In all the schools at that time the dominant theory was that of the Peripatetics, altered by time and misunderstood, the theory of substantial forms. It posited in each kind of substance a special entity which constituted the reality and the specific difference of that substance independently of the relation of its parts. For example, according to a Peripatetic of the time, “fire differs from water not only through the position of its parts but through an entity which belongs to it quite distinct from the materials. When a body changes its condition, there is no change in the parts, but one form is supplanted by another.”{1} Thus, when water becomes ice, the Peripatetics claimed that a new form substituted itself in place of the preceding form to constitute a new body. Not only did they admit primary or basal entities, or substantial forms to explain the differences in substances, but for small changes also, and for all the sensible qualities they had what were called accidental forms: thus hardness, heat, light were beings quite different from the bodies in which they were found.
To avoid the difficulties inherent in this theory, the Schoolmen were led to adopt infinite divisions among the substantial forms. In this way the Jesuits of Coimbre admitted three kinds of these forms: first, the being which does not receive its existence from a superior being and is not received into an inferior subject,—this being is God; second, the forces which receive their being from elsewhere without being themselves received into matter,—these are the forms which are entirely free from any corporeal concretion; third, the forms dependent in every respect, which obtain their being from a superior cause and are received into a subject,—these are the accidents and the substantial forms which determine matter.

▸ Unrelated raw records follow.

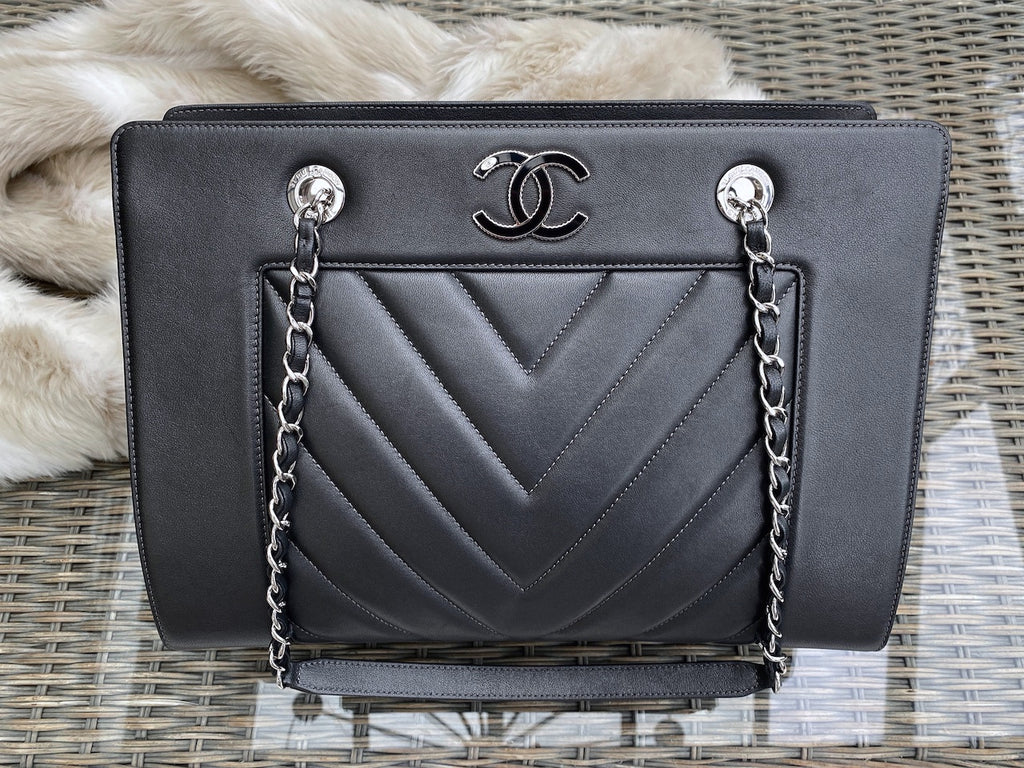 Chanel 2018 Chevron Graphite Sheepskin Large Mademoiselle Bag SHW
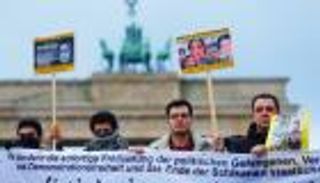 إيرانيو المهجر والاحتجاجات.. ترقب وأمل في نهاية الطغيان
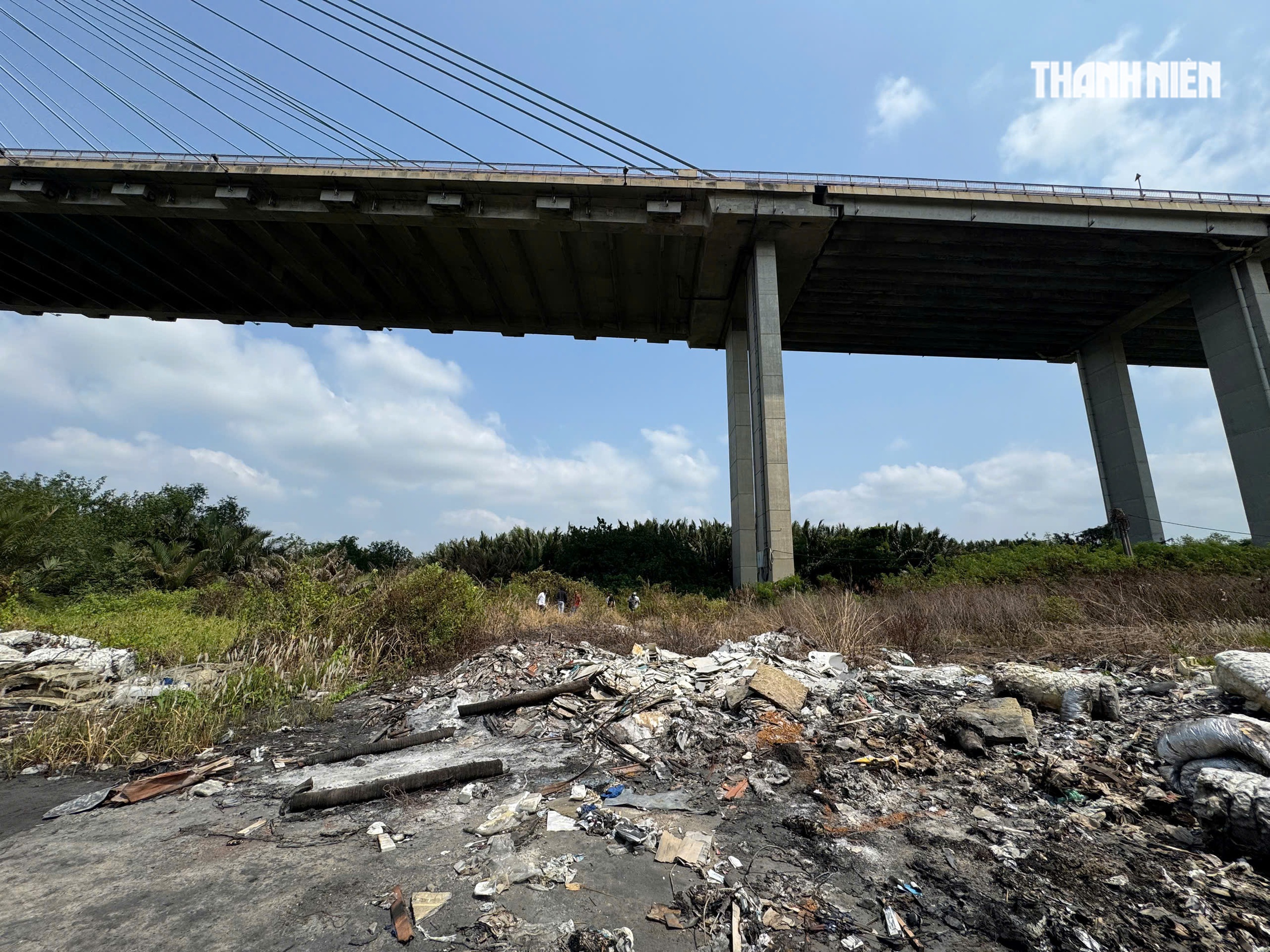 Vụ nam sinh ở TP.HCM mất tích nhiều ngày: Tìm thấy thi thể dưới cầu Phú Mỹ- Ảnh 1.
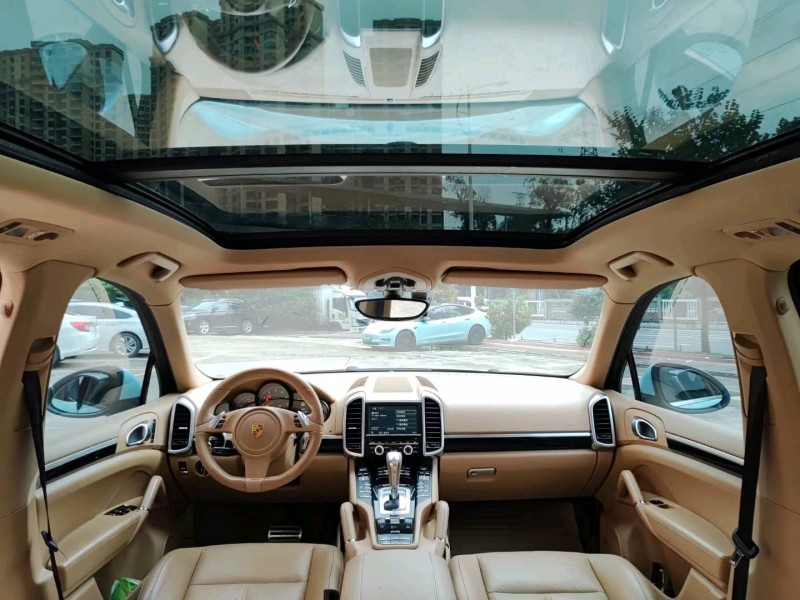 佛山11年保时捷卡宴8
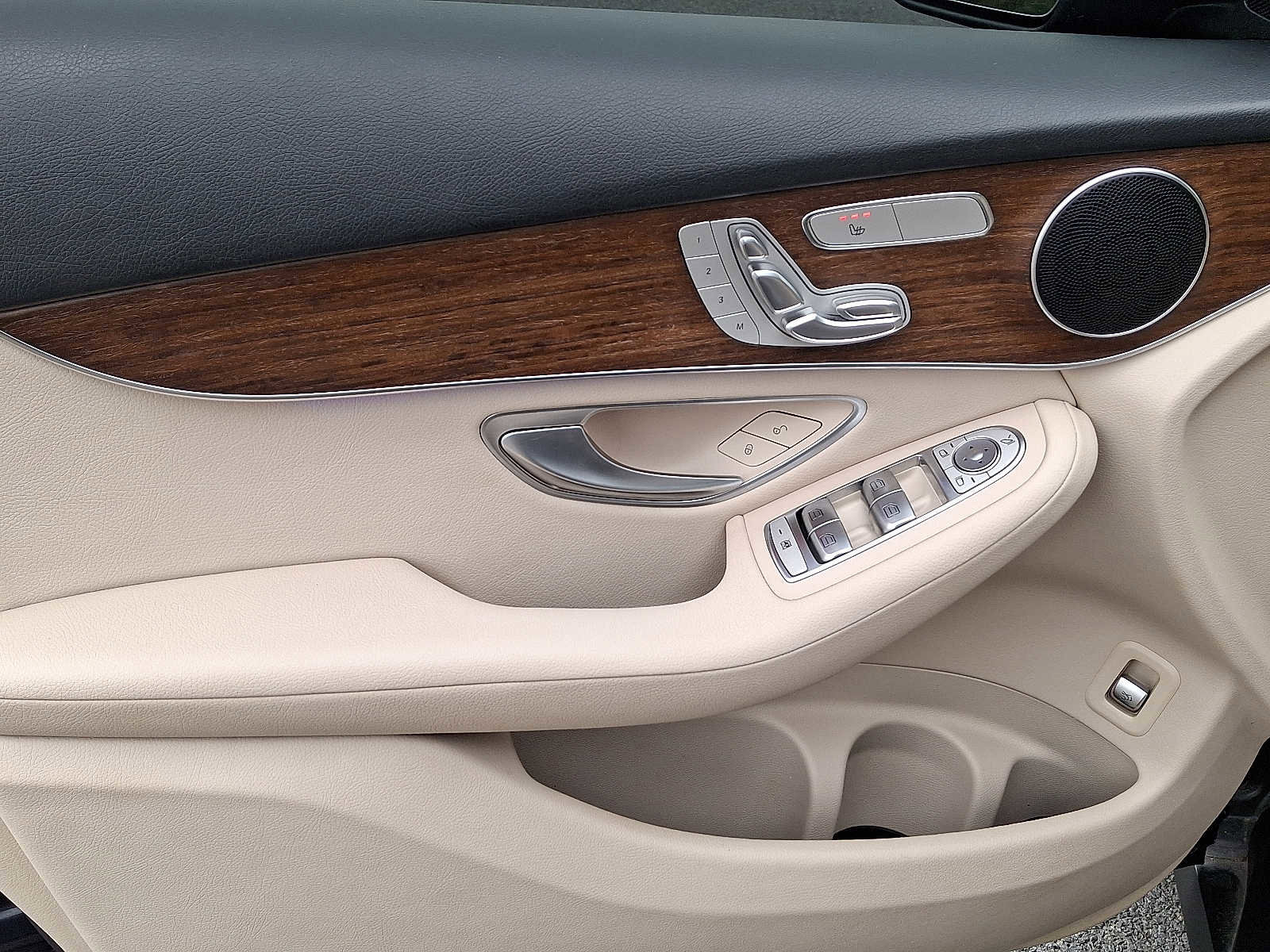 Used 2022 Mercedes-Benz GLC 300 4MATIC image 12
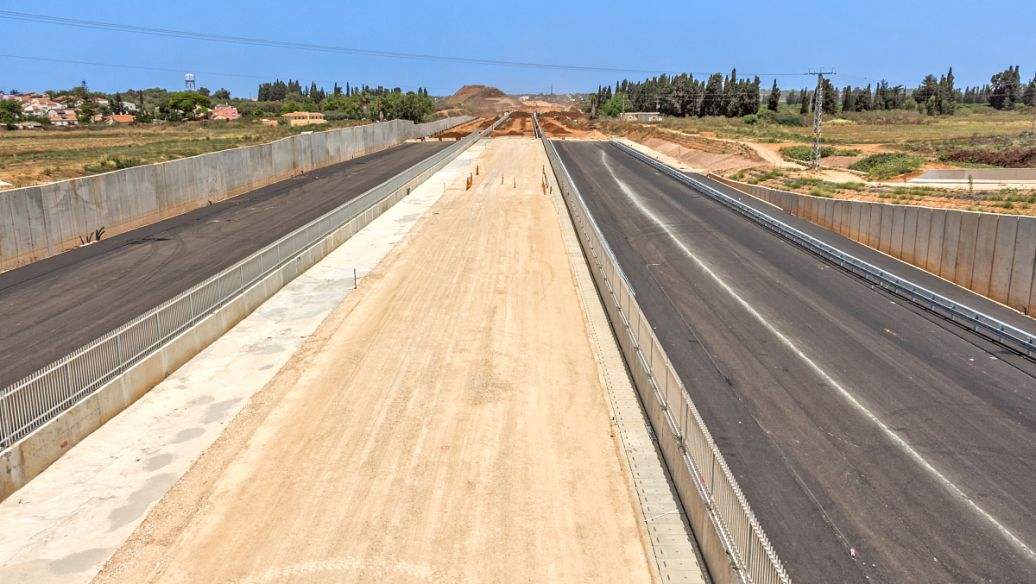 黄瓜视频APP下载地址格栅路基不同沉降量过渡处理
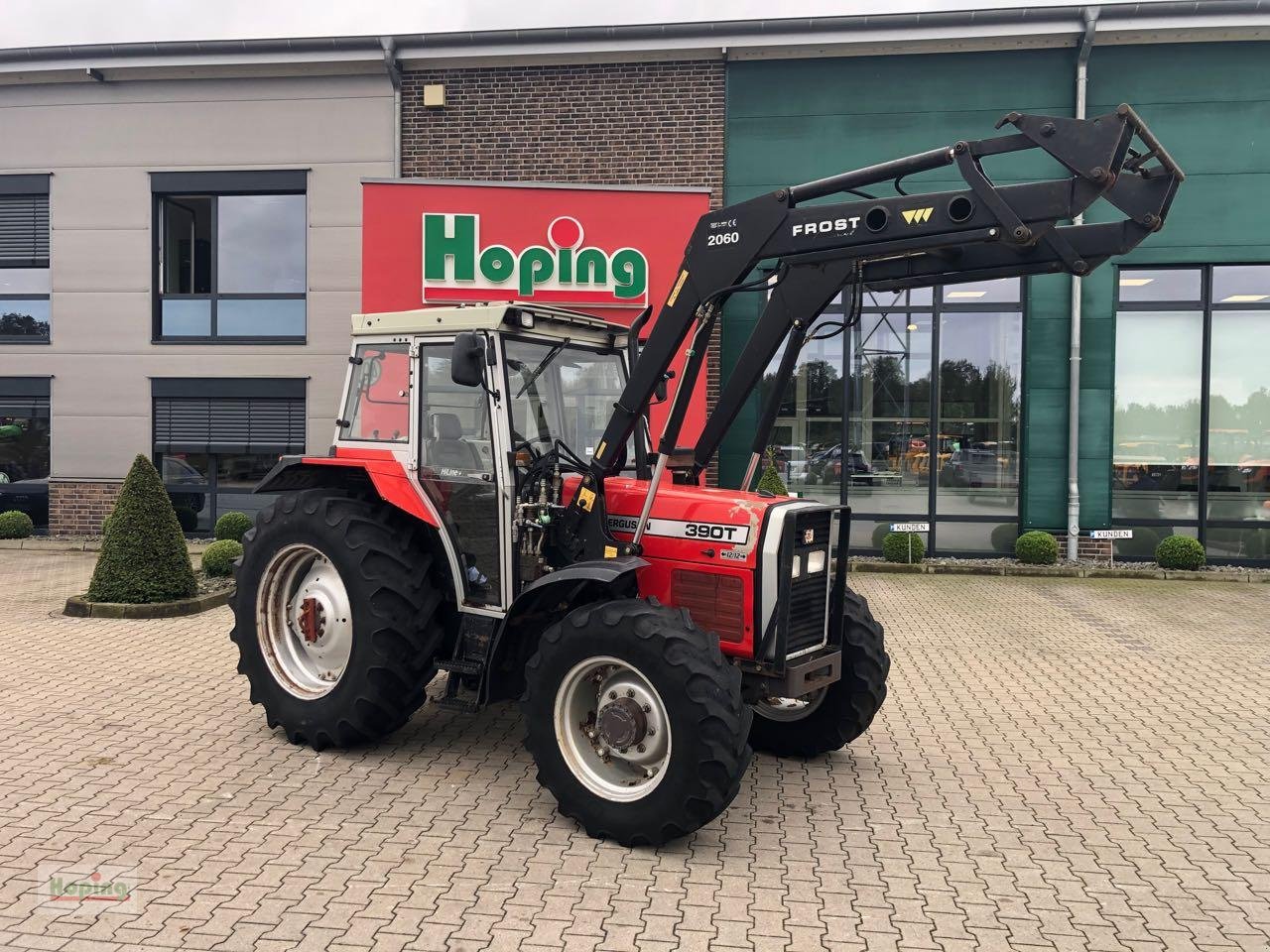 Traktor van het type Massey Ferguson 390T, Gebrauchtmaschine in Bakum (Foto 1)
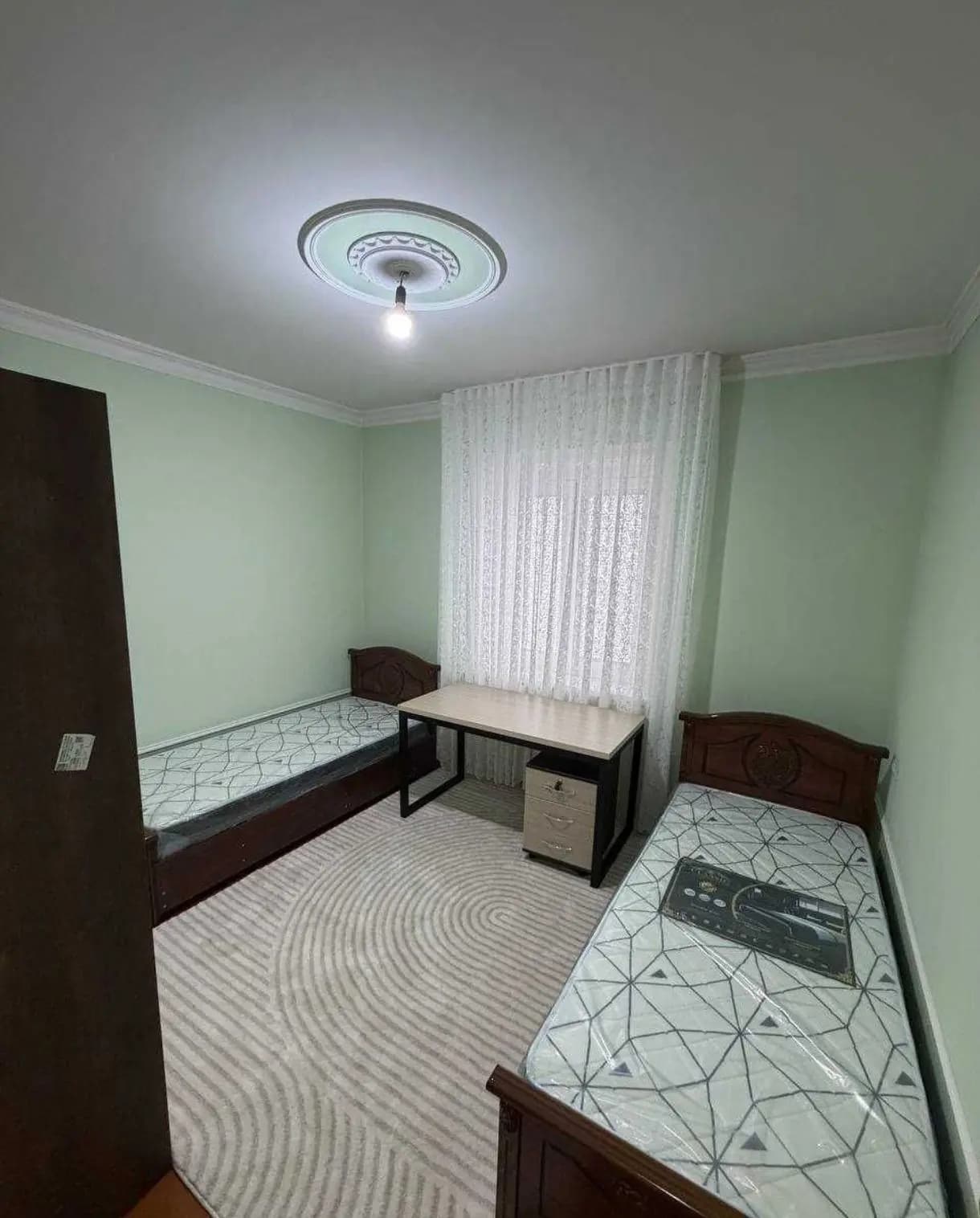 Ijaraga kivartira jarariq maxallada 3 xonalik uy maydoni 90m2 3 qavat 9 qavatlik dom ijara narxi 700y.e. depozit bor — 3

Other schoolmen adopted divisions still more minute and distinguished six classes of substantial forms, as follows: first, the forms of primary matter or of the elements; second, those of inferior compounds, like stones; third, those of higher compounds, like drugs; fourth, those of living beings, like plants; fifth, those of sensible beings, like animals; sixth, above all the rest, the reasoning (rationalis) substantial form which is like the others in so far as it is the form of a body but which does not derive from the body its special function of thinking.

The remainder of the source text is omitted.